Conversely, the applicant may also have expectations, but these are not confirmed because the other person does not conform to those expectations in a subordinate role. After all, the interviewer does not feel the need to please the other person in the same way. In short, by striving for a pleasant interaction and the need to please the other person, you make yourself, as a job applicant, a willing prey to the self-fulfilling prophecy.
Roos Vonk's advice to job applicants is therefore: don't discount your 'own self' too much in favour of a pleasant interaction. And don't just pay attention to how you come across, but also form an impression of the other person and the company you are applying to. This is just as important and it will make the interaction more equal.
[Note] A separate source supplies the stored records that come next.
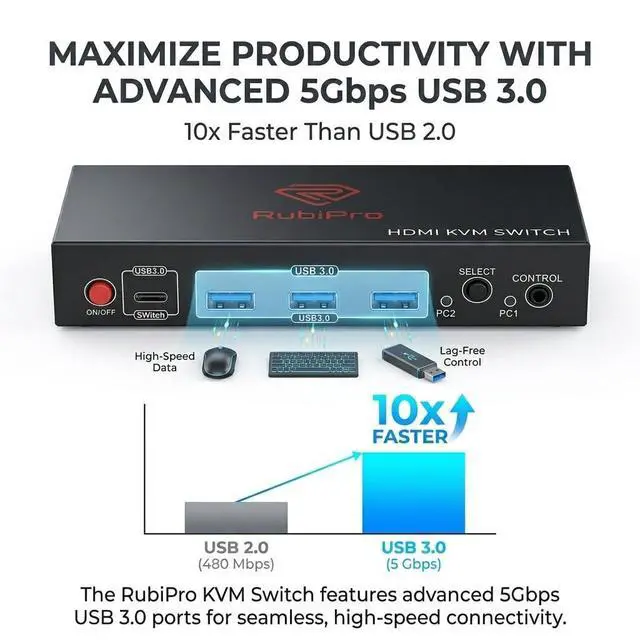Alt view image 10 of 14 - HDMI KVM Switch 2 Monitors 2 Computers Dual Display 8K@60Hz, 4K@120Hz, USB 3.0 Fast Data Transfer, Plug & Play for Windows/Mac/Linux with an Additional 8K HDMI Cable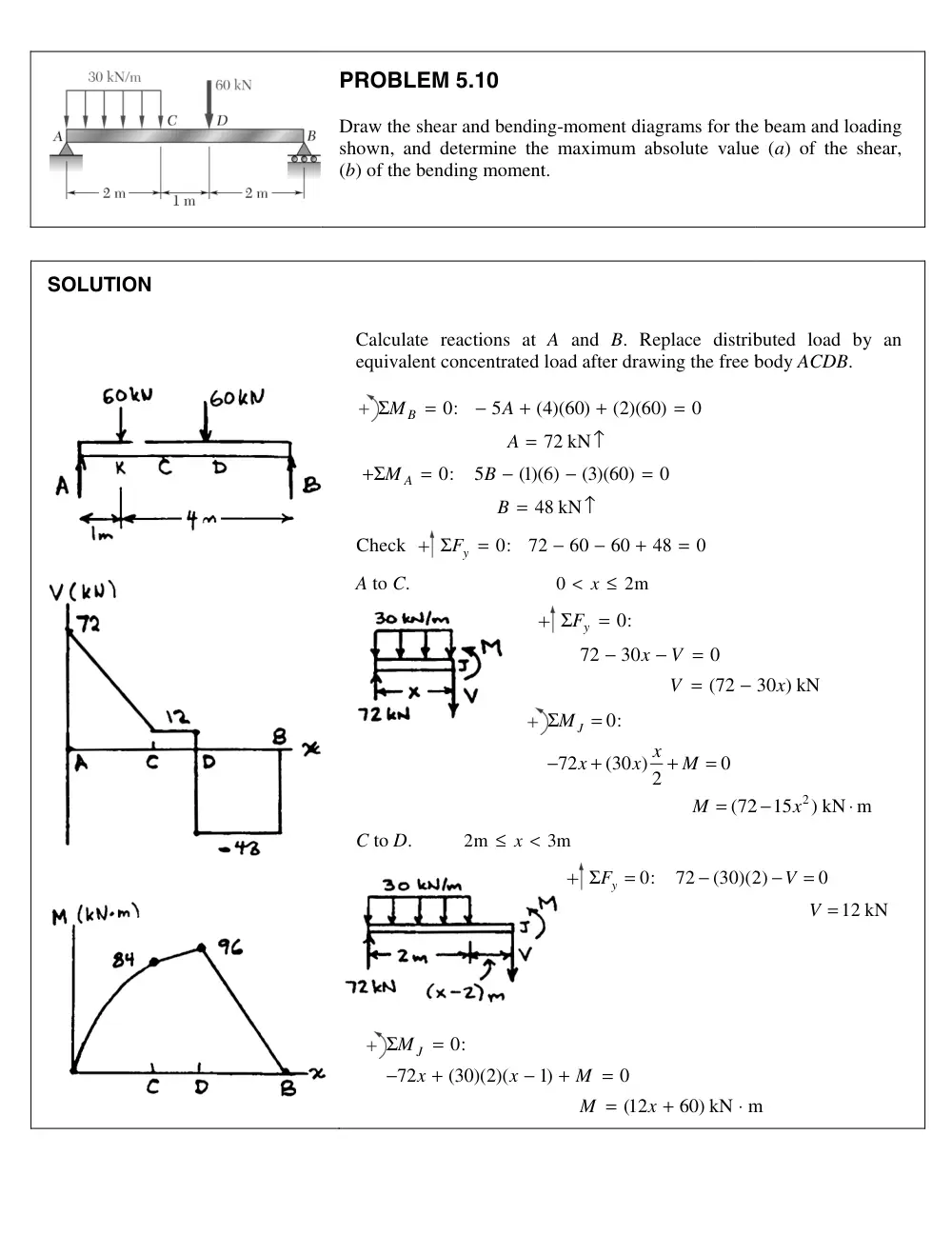 MEE 320 Problems Chapter 5, Spring 2018, page 1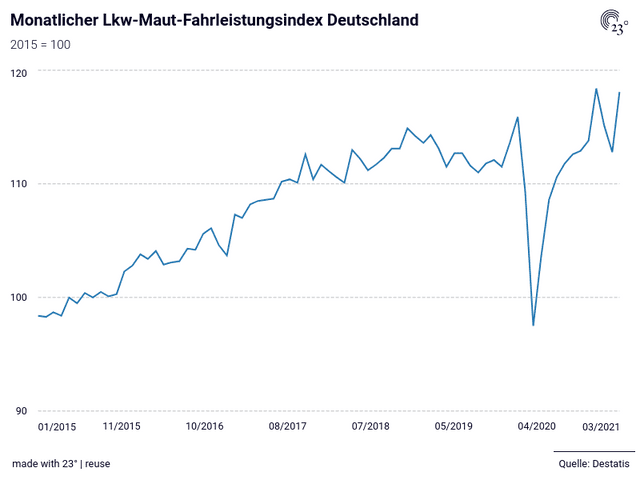 Monatlicher Lkw-Maut-Fahrleistungsindex Deutschland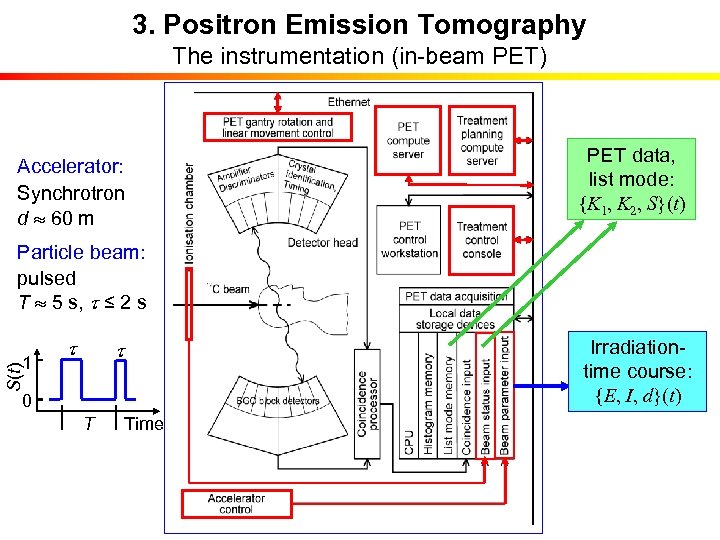 3. Positron Emission Tomography The instrumentation (in-beam PET) PET data, list mode: {K 1,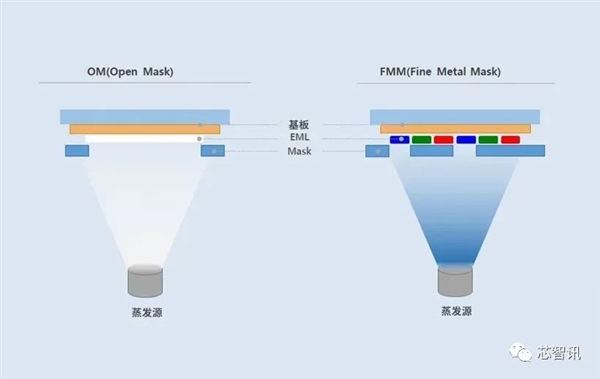 打破日本垄断!OLED关键材料FMM首次国产-第8张图片-9158手机教程网 打破日本垄断!OLED关键材料FMM首次国产-第8张图片-9158手机教程网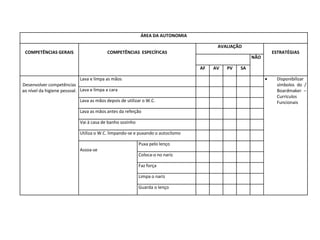 ÁREA DA AUTONOMIA
COMPETÊNCIAS GERAIS COMPETÊNCIAS ESPECÍFICAS
AVALIAÇÃO
ESTRATÉGIAS
NÃO
AF AV PV SA
Desenvolver competências
ao nível da higiene pessoal.
Lava e limpa as mãos  Disponibilizar
símbolos do /
Boardmaker –
Currículos
Funcionais
Lava e limpa a cara
Lava as mãos depois de utilizar o W.C.
Lava as mãos antes da refeição
Vai à casa de banho sozinho
Utiliza o W.C. limpando-se e puxando o autoclismo
Assoa-se
Puxa pelo lenço
Coloca-o no nariz
Faz força
Limpa o nariz
Guarda o lenço
 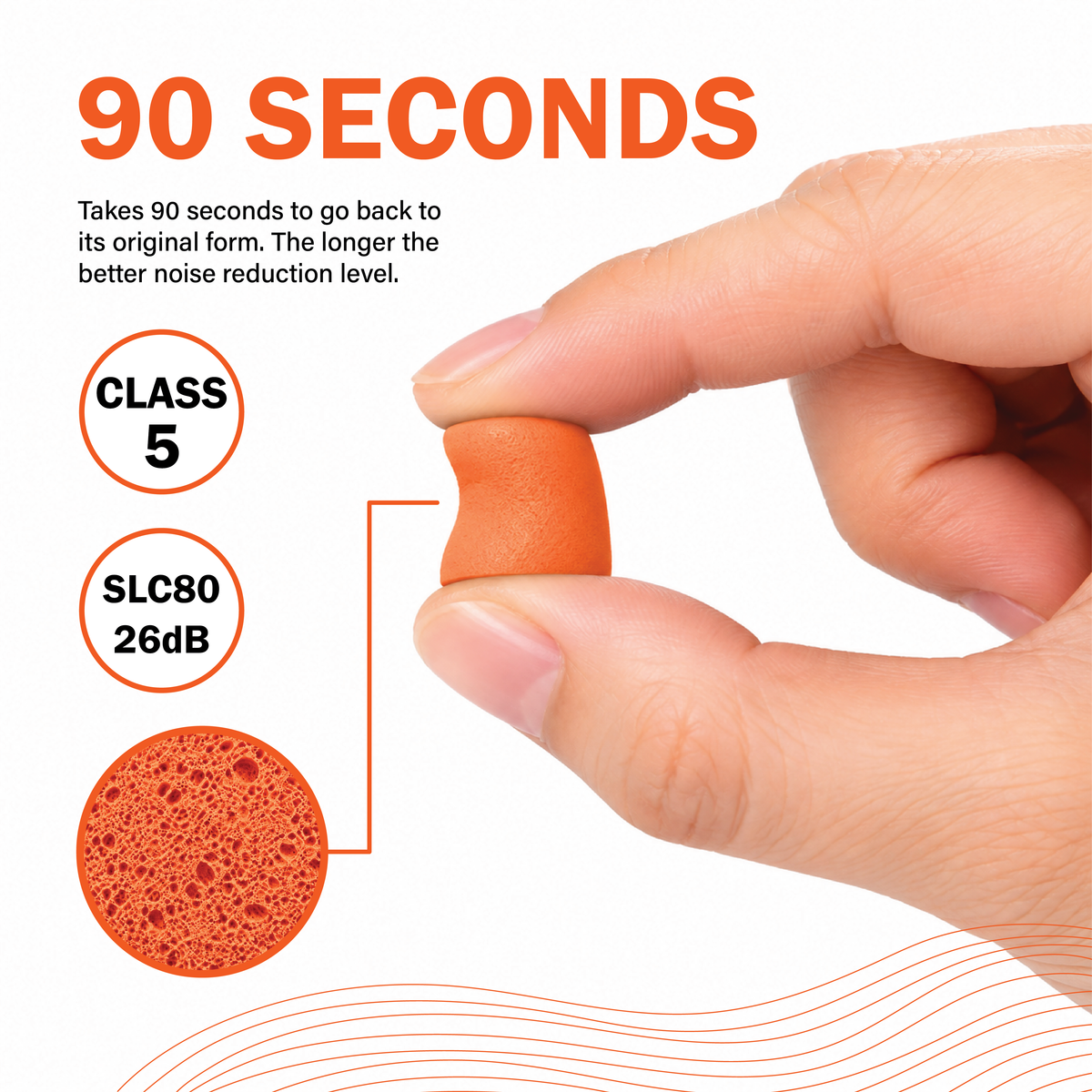 Shield Right Foam Ear Plugs Class 5 – 60 Pairs + Bonus Pair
Tip 10: Don't forget to smile
Now, in our 10 tips articles, we often mention "Don't forget to laugh" as the last tip. But in this case, it is very appropriate. We already mentioned in tip 7 that it can be to your advantage to show lively non-verbal interaction. Also the guru of persuasion, Robert Cialdini, states in his 6 principles of influence that sincere sympathy contributes to your power of persuasion. Compliment, make positive remarks and laugh in order to be found more sympathetically and make a good impression!

Sources
ICM
Jansen, F., & Janssen, D. (2016). Fatale spelfouten? Tijdschrift voor Taalbeheersing, 38(1), 81-106. https://doi.org/10.5117/tvt2016.1.jans
McGovern, T.V. & Tinsley, H.E. (1978). Interviewer evaluations of interviewee nonverbal behavior. Journal of Vocational Behavior, 13, 163-171.
Vonk, R. (2012). De eerste indruk. Scriptum Psychologie.